In Britain, where the Jowitt book was published last month, a few reviewers were quick to spot the factual errors and other defects. Rebecca West in the London Sunday Times wrote: "Inevitably the case has become a bat-haunted labyrinth. But Lord Jowitt makes it more difficult to understand than it really is. Consider, for example, his treatment of the attempt at suicide made by Whittaker Chambers . . . Chambers gives a detailed account [in Witness] of how, after he had discovered the documents which were ultimately to satisfy the courts that Hiss and not he was lying, he decided to let those documents prove his innocence and the guilt of the Communist Party, and he took steps to take refuge in death from the persecution to which he was being subjected . . . [Lord Jowitt] alleges that
Chambers attempted to commit suicide before he produced [the documents] and draws sinister conclusions from this. 'Any prudent man would have hesitated before lie brought before a jury such fraudulent documents,' says Lord Jowitt grimly . . .

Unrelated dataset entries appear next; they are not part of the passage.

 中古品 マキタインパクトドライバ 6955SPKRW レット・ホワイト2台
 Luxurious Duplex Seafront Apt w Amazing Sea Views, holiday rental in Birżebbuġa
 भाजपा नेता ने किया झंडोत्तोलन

And he goes very far in suggesting that the jury might have brought in a different verdict had they known what, in fact, never happened." Denis W. Brogan, reviewing the book for the Spectator, attacked it on grounds more serious than a mixed-up time se quence. "The most alarming thing about Lord Jowitt's book is the innocence of the modern world that it displays." For illustration. Brogan cited a passage from Jowitt: "It is shocking to think that whilst holding and accepting a position of confidence under the Government of his own country. [Hiss] should abuse that confidence by making available secret documents to outsiders. There is no philosophy of which I have ever heard, or indeed which I can imagine, which can excuse such conduct ... It may well be, I do not pretend to know, that Communists desire the success of Russia and its satellites above that of their own land."
Here, concludes Brogan, "is the basic reason why the book is bad, why [Jowitt] is continually being amazed or shocked at things that, however deplorable, are not, in this age, in the least shocking, and about which, in the age of Nunn May, Klaus Fuchs, the Canadian spy ring and the rest, there is no point in being shocked."

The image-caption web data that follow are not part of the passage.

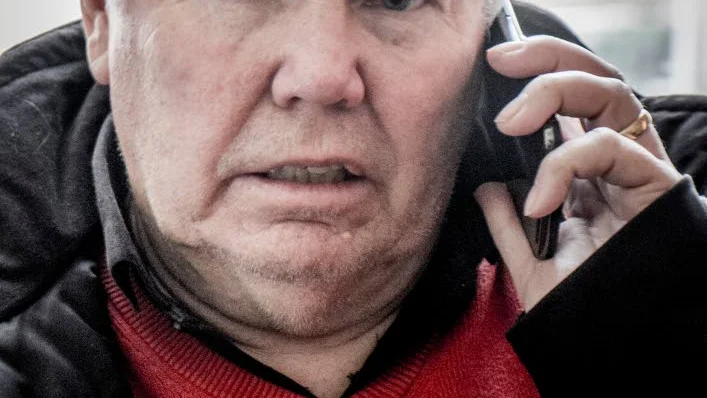Bert Karlsson stäms på ett miljonbelopp för obetala räkningar för ett av sina asylboenden.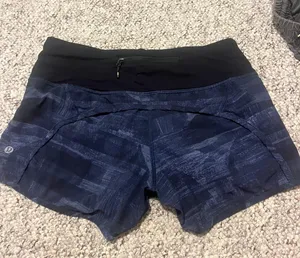 Lululemon Shorts thumbnail 2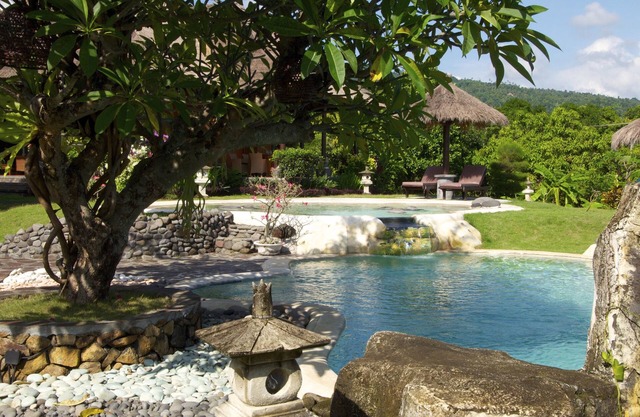 Villa PONDOK JEPUN, villa balinaise typique avec magnifique piscine paysagée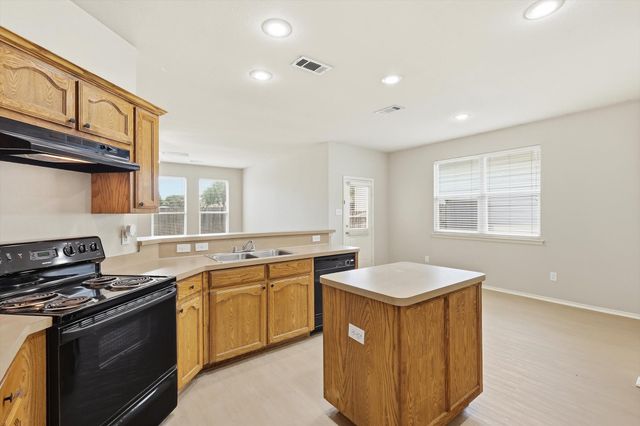7440 Alverstone Drive, Fort Worth, TX 76120
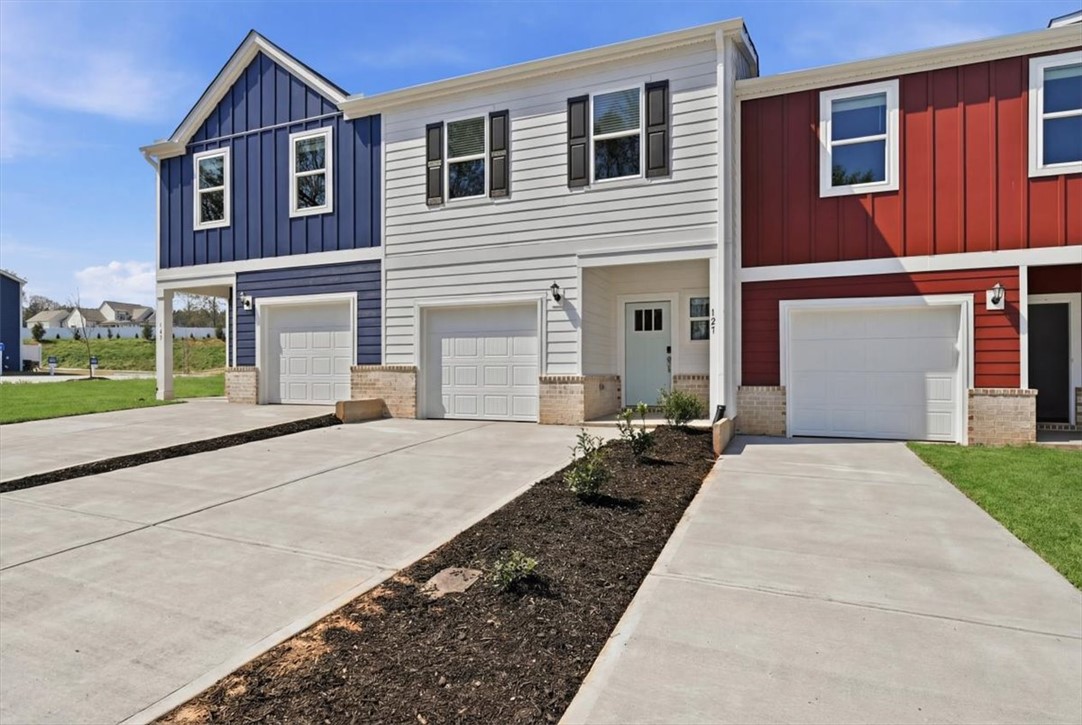 127 Kerwin Court Woodruff, SC 29388 - Photo 2 of 33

The naivete of the ex-Chancellor is less amazing when his career is considered. He was a lawyer with a respectable practice, with no experience in criminal cases and no knowledge of U.S. law. He was a Liberal member of Parliament until the Liberals began to collapse and he lost his seat. He joined the Labor Party, got back in the House of Commons, where he served with fidelity to his party but without any great distinction, except that he had one of the most mellifluous speaking voices in British public life. Attorney General under Labor's Ramsay MacDonald, Solicitor General in Churchill's wartime coalition government, he was finally named Lord Chancellor when Labor came to power in 1945, as a reward for party service.

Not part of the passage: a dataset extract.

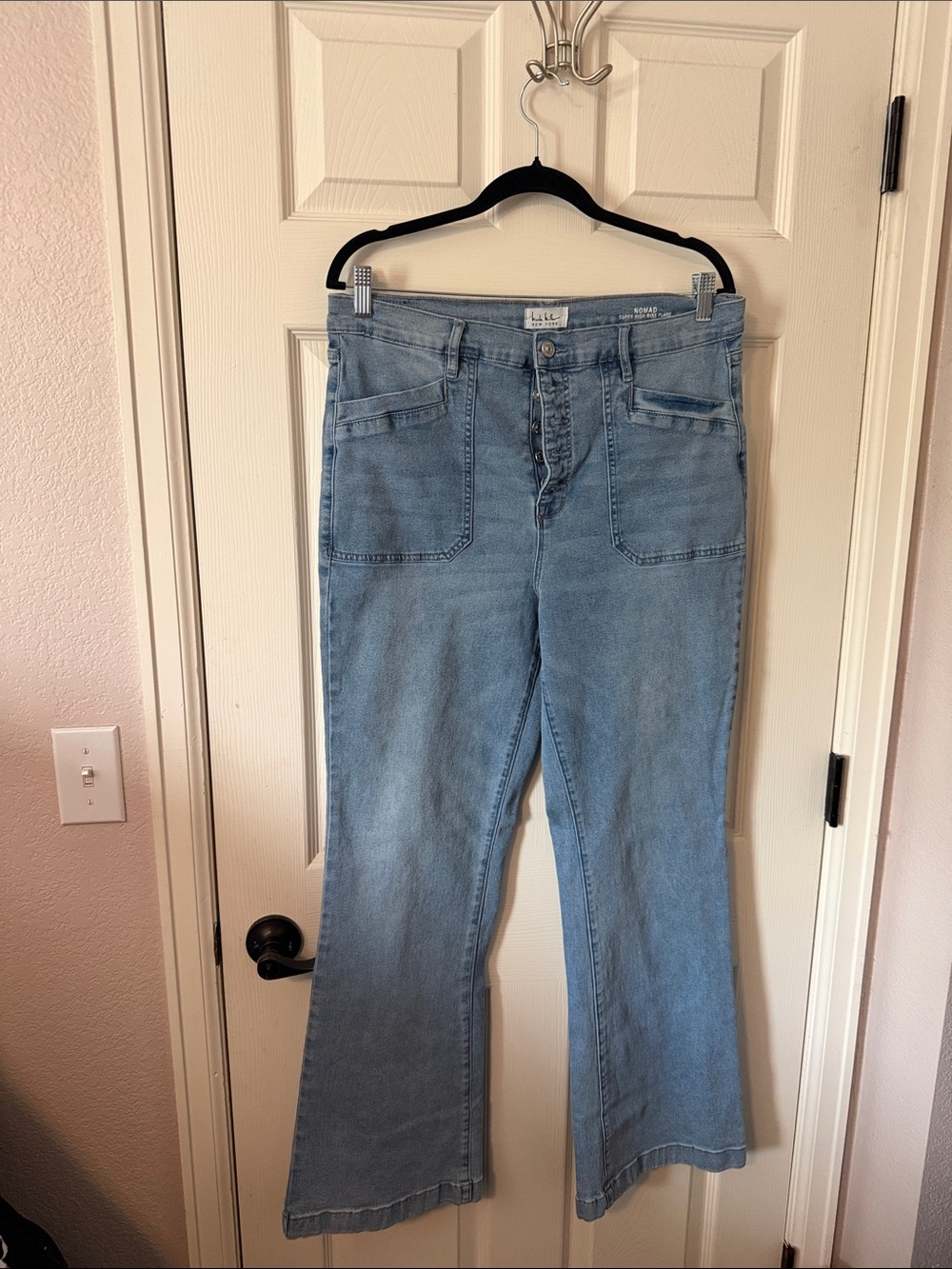 Nicole Miller Light Blue Wide Leg Flare Jeans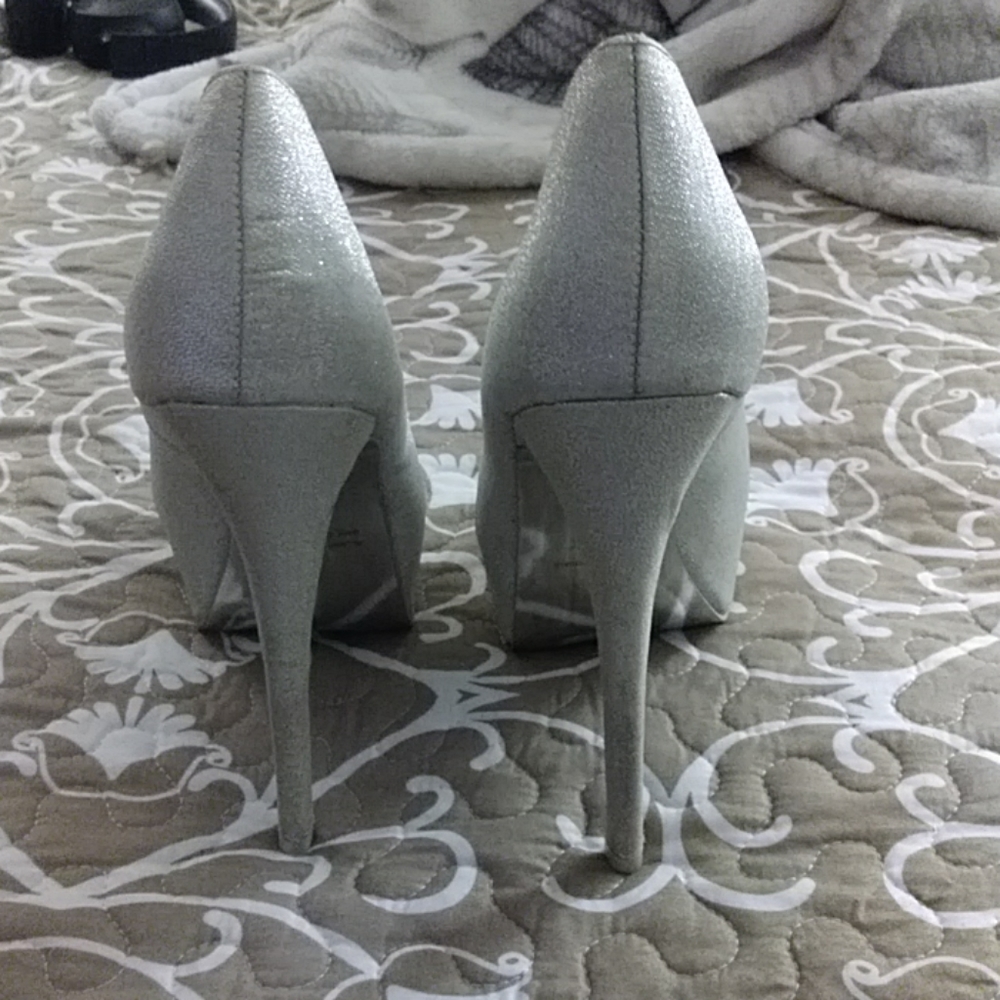 👠 high heels - Picture 2 of 3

Onetime Lords Chancellor are forbidden to return to the practice of law. Lord Jowitt, with time on his hands, turned to the study of the Hiss case. With the affinity of many non-Communist leftists for the Hiss defense, and with the British tendency to consider the U.S. "hysterical" about Communists, it surprised no one that Jowitt found for Alger Hiss. It may be a shock to some readers, however, that a onetime Lord Chancellor does "not pretend to know" about Communist morality and that he cannot get facts as an ordinary American jury got them.